──────── DATASET

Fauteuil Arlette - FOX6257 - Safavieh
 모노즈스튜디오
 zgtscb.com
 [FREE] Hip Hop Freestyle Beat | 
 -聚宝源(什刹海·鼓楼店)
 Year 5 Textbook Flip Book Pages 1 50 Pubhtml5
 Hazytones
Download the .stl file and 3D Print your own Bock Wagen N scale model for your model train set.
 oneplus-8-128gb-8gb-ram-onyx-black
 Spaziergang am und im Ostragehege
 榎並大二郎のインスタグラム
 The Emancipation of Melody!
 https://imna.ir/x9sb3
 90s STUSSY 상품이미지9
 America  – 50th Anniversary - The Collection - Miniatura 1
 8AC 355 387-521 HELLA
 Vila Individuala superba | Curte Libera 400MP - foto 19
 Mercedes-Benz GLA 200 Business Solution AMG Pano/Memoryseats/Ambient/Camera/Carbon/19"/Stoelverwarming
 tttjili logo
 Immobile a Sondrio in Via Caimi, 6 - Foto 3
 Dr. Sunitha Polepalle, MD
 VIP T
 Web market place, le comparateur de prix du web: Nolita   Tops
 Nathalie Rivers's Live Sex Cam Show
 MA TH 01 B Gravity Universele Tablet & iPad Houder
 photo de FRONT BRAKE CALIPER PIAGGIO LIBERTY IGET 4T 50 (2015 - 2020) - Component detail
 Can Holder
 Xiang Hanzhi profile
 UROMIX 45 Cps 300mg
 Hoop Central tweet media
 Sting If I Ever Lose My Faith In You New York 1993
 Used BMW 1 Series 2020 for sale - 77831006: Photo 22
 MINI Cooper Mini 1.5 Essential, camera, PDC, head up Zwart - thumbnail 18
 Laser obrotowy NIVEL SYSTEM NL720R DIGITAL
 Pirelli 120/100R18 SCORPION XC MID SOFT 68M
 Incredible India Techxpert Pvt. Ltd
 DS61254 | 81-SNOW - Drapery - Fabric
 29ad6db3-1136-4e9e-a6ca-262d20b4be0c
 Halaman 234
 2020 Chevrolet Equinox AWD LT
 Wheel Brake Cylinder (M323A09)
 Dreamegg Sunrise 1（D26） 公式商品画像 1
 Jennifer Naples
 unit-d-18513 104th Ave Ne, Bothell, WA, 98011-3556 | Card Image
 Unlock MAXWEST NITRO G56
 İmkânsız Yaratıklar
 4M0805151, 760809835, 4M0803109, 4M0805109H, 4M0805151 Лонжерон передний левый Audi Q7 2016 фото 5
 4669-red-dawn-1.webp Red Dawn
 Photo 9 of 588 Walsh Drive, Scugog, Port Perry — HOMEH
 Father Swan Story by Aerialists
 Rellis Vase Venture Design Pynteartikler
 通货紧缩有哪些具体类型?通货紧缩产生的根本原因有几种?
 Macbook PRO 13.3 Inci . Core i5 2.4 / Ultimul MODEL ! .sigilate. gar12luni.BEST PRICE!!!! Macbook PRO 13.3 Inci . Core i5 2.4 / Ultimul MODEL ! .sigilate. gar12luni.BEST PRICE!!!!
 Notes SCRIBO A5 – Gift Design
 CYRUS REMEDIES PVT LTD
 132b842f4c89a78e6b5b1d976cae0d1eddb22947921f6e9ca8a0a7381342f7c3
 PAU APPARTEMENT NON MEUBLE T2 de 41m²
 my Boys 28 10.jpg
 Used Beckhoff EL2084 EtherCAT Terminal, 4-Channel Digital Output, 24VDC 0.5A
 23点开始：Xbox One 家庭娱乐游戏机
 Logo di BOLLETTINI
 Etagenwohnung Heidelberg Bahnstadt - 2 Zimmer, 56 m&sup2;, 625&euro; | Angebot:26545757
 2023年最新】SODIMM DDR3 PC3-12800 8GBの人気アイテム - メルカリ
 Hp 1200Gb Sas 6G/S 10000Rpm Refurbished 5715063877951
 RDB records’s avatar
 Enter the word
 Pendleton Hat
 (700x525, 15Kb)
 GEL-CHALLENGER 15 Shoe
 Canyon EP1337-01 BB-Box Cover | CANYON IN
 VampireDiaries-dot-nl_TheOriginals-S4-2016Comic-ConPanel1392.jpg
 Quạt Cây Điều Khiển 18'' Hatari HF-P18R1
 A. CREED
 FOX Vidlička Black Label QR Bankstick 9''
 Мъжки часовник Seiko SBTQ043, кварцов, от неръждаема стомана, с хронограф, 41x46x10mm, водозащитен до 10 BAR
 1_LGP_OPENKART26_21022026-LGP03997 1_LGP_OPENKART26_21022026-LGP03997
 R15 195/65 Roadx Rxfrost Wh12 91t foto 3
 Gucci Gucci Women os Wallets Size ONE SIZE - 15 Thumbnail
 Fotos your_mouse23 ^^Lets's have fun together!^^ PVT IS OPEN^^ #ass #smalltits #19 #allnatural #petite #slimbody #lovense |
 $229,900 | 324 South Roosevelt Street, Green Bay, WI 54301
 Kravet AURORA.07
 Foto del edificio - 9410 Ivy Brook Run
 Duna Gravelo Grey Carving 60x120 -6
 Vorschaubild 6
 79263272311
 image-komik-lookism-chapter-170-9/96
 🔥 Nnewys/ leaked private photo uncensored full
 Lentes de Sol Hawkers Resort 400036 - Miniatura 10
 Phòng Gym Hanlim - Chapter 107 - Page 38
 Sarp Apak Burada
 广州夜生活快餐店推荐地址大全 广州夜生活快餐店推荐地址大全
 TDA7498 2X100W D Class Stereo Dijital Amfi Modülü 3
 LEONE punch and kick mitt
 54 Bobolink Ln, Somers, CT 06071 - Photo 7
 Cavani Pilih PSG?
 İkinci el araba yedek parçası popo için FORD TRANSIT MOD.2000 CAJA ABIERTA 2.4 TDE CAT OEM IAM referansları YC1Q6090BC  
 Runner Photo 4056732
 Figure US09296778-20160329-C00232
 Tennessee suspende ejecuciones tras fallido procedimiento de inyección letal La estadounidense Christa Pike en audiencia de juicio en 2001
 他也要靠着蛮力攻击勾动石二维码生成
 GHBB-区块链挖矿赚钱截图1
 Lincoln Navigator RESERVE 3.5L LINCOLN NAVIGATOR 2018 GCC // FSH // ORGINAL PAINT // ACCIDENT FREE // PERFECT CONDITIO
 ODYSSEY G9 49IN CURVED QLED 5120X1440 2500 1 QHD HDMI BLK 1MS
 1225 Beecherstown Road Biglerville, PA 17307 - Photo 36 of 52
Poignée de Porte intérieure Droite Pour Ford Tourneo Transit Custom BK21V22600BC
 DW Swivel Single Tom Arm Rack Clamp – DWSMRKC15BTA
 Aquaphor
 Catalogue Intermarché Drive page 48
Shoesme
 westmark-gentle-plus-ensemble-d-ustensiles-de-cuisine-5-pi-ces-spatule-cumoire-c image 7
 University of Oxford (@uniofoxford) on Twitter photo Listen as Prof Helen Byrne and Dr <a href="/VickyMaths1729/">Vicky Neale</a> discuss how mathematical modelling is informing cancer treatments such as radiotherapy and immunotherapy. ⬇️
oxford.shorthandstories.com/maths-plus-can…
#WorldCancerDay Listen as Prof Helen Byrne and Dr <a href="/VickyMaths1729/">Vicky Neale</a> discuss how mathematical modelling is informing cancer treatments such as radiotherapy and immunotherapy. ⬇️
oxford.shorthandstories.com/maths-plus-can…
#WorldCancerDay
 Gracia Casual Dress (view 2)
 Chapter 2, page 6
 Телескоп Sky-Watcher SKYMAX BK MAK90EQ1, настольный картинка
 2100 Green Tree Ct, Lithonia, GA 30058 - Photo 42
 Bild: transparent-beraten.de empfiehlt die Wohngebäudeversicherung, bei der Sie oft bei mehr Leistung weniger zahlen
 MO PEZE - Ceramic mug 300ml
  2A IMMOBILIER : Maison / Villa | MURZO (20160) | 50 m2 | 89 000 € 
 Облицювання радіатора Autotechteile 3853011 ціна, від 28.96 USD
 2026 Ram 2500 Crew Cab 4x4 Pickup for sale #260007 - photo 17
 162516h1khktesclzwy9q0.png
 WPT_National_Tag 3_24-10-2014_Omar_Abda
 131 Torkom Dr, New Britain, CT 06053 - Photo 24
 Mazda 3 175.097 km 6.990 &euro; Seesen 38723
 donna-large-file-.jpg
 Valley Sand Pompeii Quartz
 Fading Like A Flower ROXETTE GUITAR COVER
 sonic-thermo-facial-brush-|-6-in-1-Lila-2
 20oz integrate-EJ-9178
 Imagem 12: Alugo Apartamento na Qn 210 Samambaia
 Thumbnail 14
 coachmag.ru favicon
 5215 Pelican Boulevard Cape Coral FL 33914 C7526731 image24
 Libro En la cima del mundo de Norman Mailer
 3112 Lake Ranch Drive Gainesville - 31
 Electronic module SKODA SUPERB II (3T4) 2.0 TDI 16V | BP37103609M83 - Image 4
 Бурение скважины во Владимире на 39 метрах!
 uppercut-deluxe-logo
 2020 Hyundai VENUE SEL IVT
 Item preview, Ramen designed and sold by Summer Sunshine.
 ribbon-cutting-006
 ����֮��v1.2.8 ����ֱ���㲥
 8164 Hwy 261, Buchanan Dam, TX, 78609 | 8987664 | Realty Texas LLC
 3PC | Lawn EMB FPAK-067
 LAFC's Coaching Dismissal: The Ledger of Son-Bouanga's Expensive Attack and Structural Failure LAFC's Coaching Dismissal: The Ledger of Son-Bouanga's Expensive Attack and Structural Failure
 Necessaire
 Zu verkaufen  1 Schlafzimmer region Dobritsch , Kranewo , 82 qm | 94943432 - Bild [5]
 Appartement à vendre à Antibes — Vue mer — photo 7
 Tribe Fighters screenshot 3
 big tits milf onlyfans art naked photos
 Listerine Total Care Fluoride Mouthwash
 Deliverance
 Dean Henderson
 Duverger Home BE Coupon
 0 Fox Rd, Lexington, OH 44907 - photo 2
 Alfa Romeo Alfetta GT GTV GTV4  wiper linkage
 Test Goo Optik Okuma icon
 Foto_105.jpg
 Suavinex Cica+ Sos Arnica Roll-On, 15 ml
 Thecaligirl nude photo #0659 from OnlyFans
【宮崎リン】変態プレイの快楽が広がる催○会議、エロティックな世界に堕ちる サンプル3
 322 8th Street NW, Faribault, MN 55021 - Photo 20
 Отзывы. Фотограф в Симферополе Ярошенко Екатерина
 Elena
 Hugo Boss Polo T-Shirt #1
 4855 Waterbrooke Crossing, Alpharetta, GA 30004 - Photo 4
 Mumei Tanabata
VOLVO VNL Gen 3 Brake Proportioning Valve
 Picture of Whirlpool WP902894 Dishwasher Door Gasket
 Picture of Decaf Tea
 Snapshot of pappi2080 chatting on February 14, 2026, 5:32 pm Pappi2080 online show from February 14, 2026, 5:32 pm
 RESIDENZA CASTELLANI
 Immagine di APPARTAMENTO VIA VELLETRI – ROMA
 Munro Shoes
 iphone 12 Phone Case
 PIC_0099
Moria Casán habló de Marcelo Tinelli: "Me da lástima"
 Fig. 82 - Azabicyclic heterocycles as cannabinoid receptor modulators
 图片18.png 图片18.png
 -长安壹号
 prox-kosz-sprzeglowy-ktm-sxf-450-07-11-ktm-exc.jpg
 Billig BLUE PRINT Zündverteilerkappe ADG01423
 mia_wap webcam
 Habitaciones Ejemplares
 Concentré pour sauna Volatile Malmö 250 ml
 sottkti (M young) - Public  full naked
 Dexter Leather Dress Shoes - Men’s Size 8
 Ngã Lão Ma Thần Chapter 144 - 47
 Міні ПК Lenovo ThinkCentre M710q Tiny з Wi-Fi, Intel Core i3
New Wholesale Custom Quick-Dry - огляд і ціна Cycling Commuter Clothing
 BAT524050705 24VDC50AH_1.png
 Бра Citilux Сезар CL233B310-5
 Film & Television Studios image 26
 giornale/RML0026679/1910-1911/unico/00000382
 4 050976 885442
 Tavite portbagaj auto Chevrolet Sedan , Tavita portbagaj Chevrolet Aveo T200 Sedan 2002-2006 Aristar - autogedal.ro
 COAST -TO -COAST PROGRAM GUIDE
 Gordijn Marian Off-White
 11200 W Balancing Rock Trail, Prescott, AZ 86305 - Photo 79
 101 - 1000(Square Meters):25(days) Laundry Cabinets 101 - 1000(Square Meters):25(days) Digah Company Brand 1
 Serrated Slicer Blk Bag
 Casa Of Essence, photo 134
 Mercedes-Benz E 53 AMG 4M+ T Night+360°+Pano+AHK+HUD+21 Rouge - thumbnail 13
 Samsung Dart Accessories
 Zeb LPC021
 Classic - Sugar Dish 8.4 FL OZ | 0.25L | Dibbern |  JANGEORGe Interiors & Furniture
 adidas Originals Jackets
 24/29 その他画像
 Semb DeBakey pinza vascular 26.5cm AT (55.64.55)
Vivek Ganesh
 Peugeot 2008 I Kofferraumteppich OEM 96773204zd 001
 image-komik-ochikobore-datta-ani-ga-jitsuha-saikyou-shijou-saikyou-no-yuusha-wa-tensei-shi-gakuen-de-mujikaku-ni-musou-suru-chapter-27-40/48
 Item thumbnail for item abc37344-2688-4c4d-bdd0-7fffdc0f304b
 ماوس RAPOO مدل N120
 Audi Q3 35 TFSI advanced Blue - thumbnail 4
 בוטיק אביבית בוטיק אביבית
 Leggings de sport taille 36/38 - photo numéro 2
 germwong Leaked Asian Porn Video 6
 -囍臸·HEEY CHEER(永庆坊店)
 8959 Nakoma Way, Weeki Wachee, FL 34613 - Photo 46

────────────────

**ASSIGNMENT**
Above are the entries. Quote exactly the lines from the one bearing "Pirelli 120/100R18 SCORPION XC MID SOFT 68M" through the one bearing "image-komik-lookism-chapter-170-9/96".

**OUTPUT OF THE EXERCISE**
 Pirelli 120/100R18 SCORPION XC MID SOFT 68M
 Incredible India Techxpert Pvt. Ltd
 DS61254 | 81-SNOW - Drapery - Fabric
 29ad6db3-1136-4e9e-a6ca-262d20b4be0c
 Halaman 234
 2020 Chevrolet Equinox AWD LT
 Wheel Brake Cylinder (M323A09)
 Dreamegg Sunrise 1（D26） 公式商品画像 1
 Jennifer Naples
 unit-d-18513 104th Ave Ne, Bothell, WA, 98011-3556 | Card Image
 Unlock MAXWEST NITRO G56
 İmkânsız Yaratıklar
 4M0805151, 760809835, 4M0803109, 4M0805109H, 4M0805151 Лонжерон передний левый Audi Q7 2016 фото 5
 4669-red-dawn-1.webp Red Dawn
 Photo 9 of 588 Walsh Drive, Scugog, Port Perry — HOMEH
 Father Swan Story by Aerialists
 Rellis Vase Venture Design Pynteartikler
 通货紧缩有哪些具体类型?通货紧缩产生的根本原因有几种?
 Macbook PRO 13.3 Inci . Core i5 2.4 / Ultimul MODEL ! .sigilate. gar12luni.BEST PRICE!!!! Macbook PRO 13.3 Inci . Core i5 2.4 / Ultimul MODEL ! .sigilate. gar12luni.BEST PRICE!!!!
 Notes SCRIBO A5 – Gift Design
 CYRUS REMEDIES PVT LTD
 132b842f4c89a78e6b5b1d976cae0d1eddb22947921f6e9ca8a0a7381342f7c3
 PAU APPARTEMENT NON MEUBLE T2 de 41m²
 my Boys 28 10.jpg
 Used Beckhoff EL2084 EtherCAT Terminal, 4-Channel Digital Output, 24VDC 0.5A
 23点开始：Xbox One 家庭娱乐游戏机
 Logo di BOLLETTINI
 Etagenwohnung Heidelberg Bahnstadt - 2 Zimmer, 56 m&sup2;, 625&euro; | Angebot:26545757
 2023年最新】SODIMM DDR3 PC3-12800 8GBの人気アイテム - メルカリ
 Hp 1200Gb Sas 6G/S 10000Rpm Refurbished 5715063877951
 RDB records’s avatar
 Enter the word
 Pendleton Hat
 (700x525, 15Kb)
 GEL-CHALLENGER 15 Shoe
 Canyon EP1337-01 BB-Box Cover | CANYON IN
 VampireDiaries-dot-nl_TheOriginals-S4-2016Comic-ConPanel1392.jpg
 Quạt Cây Điều Khiển 18'' Hatari HF-P18R1
 A. CREED
 FOX Vidlička Black Label QR Bankstick 9''
 Мъжки часовник Seiko SBTQ043, кварцов, от неръждаема стомана, с хронограф, 41x46x10mm, водозащитен до 10 BAR
 1_LGP_OPENKART26_21022026-LGP03997 1_LGP_OPENKART26_21022026-LGP03997
 R15 195/65 Roadx Rxfrost Wh12 91t foto 3
 Gucci Gucci Women os Wallets Size ONE SIZE - 15 Thumbnail
 Fotos your_mouse23 ^^Lets's have fun together!^^ PVT IS OPEN^^ #ass #smalltits #19 #allnatural #petite #slimbody #lovense |
 $229,900 | 324 South Roosevelt Street, Green Bay, WI 54301
 Kravet AURORA.07
 Foto del edificio - 9410 Ivy Brook Run
 Duna Gravelo Grey Carving 60x120 -6
 Vorschaubild 6
 79263272311
 image-komik-lookism-chapter-170-9/96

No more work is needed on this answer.